Potassium is held on the surfaces of soil particles and moves little in most soils, though it can gradually move out of the root zone in very sandy soils. Where soils are high in native potassium, supplemental potassium fertilization may be unnecessary; however, where soils are low in native potassium, supplemental applications are very important. Soil tests are essential to determine the potassium level of a soil and to develop a potassium fertility program.

Other Essential Elements
Adequate levels of the other essential elements are usually present in Minnesota lawns. Where deficiencies occur, they are usually associated with extremely sandy, highly acid, or highly alkaline soils. Where a deficiency is suspected, rely on soil test and advice from county extension agents as to the traits of soils in your area. For most lawns, attention to nitrogen, phosphorus, and potassium is all that is required.

Soil Tests

Soil tests are necessary to establish the proper lawn fertility program for a specific site. Soil tests can be obtained by submitting a soil sample to private soil fertility testing laboratories or to the University of Minnesota Soil Testing Laboratory. Informational sheets and materials can be obtained through your county extension office.
The proper ratio of nitrogen, phosphorus, and potassium to apply to a lawn can only be determined by soil testing. Since nitrogen can move rapidly out of the root zone with percolating water, soil tests for available nitrogen are not very meaningful and are generally not performed. Phosphorus and potassium move little in the soil and consequently soil tests will be valid for several years. The most important soil test is the first one so that you can establish the base levels of P and K in the soil. Subsequent sampling may not be necessary for many years if phosphorus and potassium levels are adequate.
The label on lawn fertilizer bags lists the percentages of the three primary nutrients as a series of three numbers called the fertilizer grade. As an example, a common lawn fertilizer grade is 23-3-6. In this case the fertilizer contains 23% nitrogen, phosphorus equivalent to 3% P205, and potassium equivalent to 6% K2O.
One fertilizer grade is not best for all soils, since native soil phosphorus and potassium levels determine needs. If a soil is already high in phosphorus and potassium, a fertilizer with a grade of 34-0-0 or 46-0-0 would be sufficient, while a soil with low phosphorus or potassium would require additions of fertilizer containing phosphorus or potassium such as 20-5-10 or 20-4-16.

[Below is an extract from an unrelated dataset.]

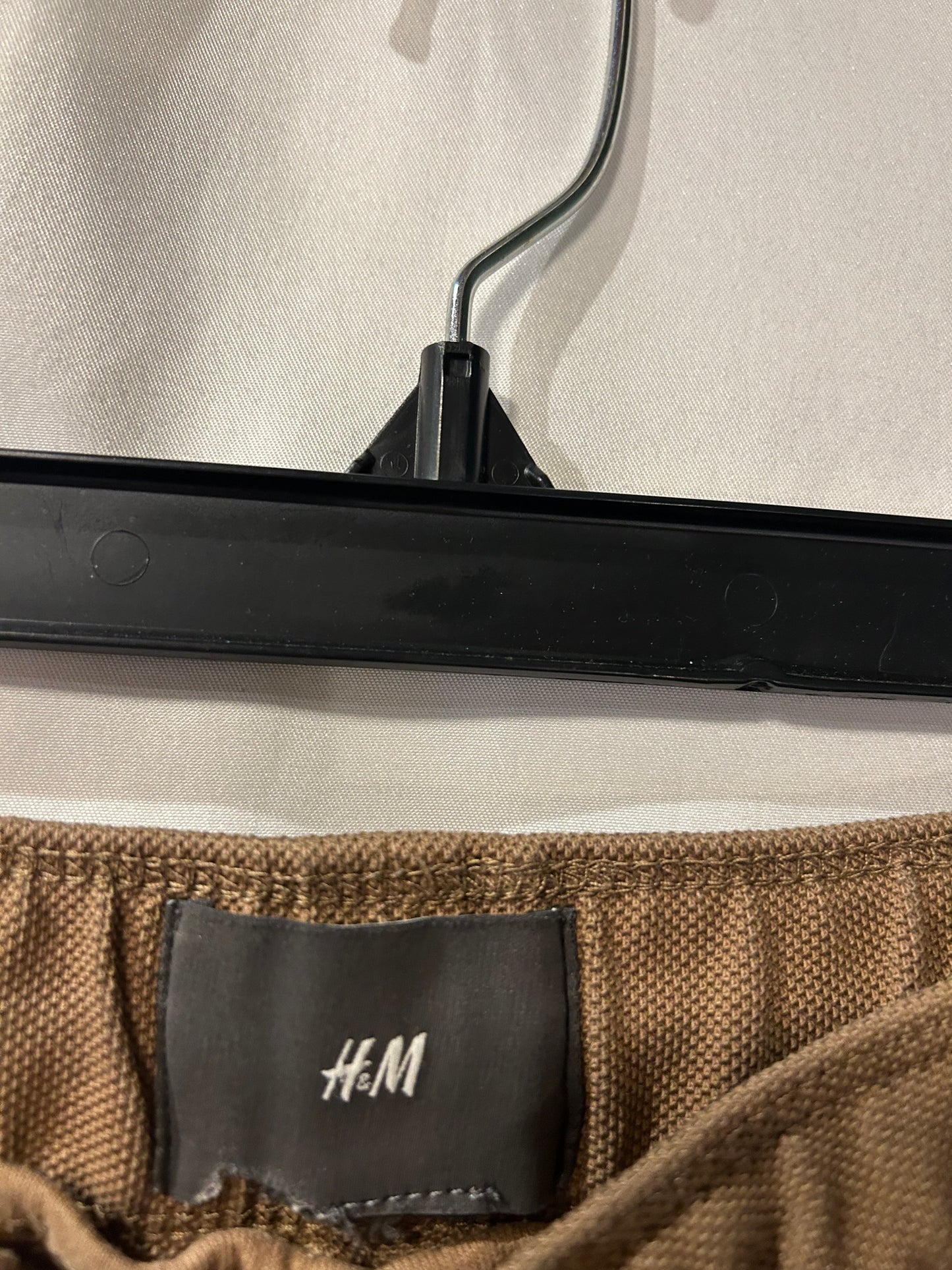 H&M Brown Tie Shorts M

Lawn Fertilizer Application

The amount of nutrients required by a lawn or turfgrass area depends on the type of grass plants and the management practices (how much care you decide to give the lawn balanced with demands of the grass variety). A vigorously growing, watered lawn from which the clippings are removed requires more added nutrients than a lawn that is not watered during the summer and where clippings are left on the lawn. Consequently, in developing a lawn fertilizer program, it is appropriate to divide lawns into high- and low-maintenance groups based on management practices.

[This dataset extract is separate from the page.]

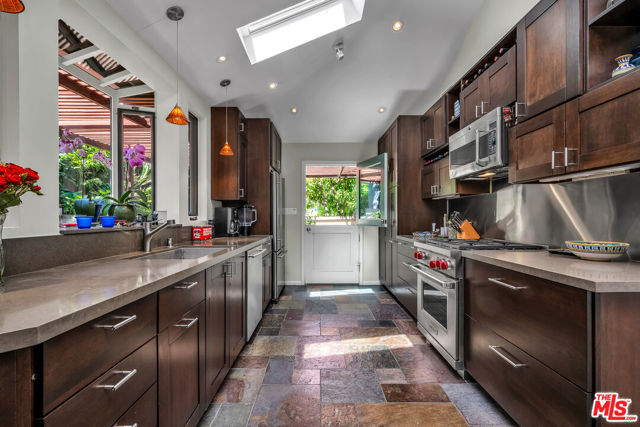3275 Dos Palos Drive, Los Angeles CA: https://media.crmls.org/mediaz/bb3e0f0e-e544-43d8-8212-592d343bdc15.jpg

High-maintenance lawns are characterized by vigorously growing plants such as improved Kentucky bluegrass and improved, turf-type perennial ryegrass varieties. For best results these lawns are watered during the summer to maintain green growth. Clippings may or may not be removed. Usually there is no need to remove the clippings, in fact, clippings left on the lawn gradually decompose and reduce the need for fertilizer by about 1 lb. N/1000 ft2 per year. A vigorously growing lawn may develop a thatch layer and require occasional aerifying or vertical mowing to control thatch. High maintenance does not mean excessive maintenance. High maintenance is that required by many of our high quality lawns.

The fertilizer schedule for a high-maintenance lawn should consist of 3 to 4 pounds of nitrogen per 1,000 square feet of lawn area each year. If quick-release nitrogen sources are to be used, 3 to 5 applications should be made according to the schedule in Table 4. The amount of phosphorus and potassium required for the lawn is determined by a soil test. Tables 5 and 6 give recommended amounts based on a test at the University of Minnesota Soil Testing Laboratory.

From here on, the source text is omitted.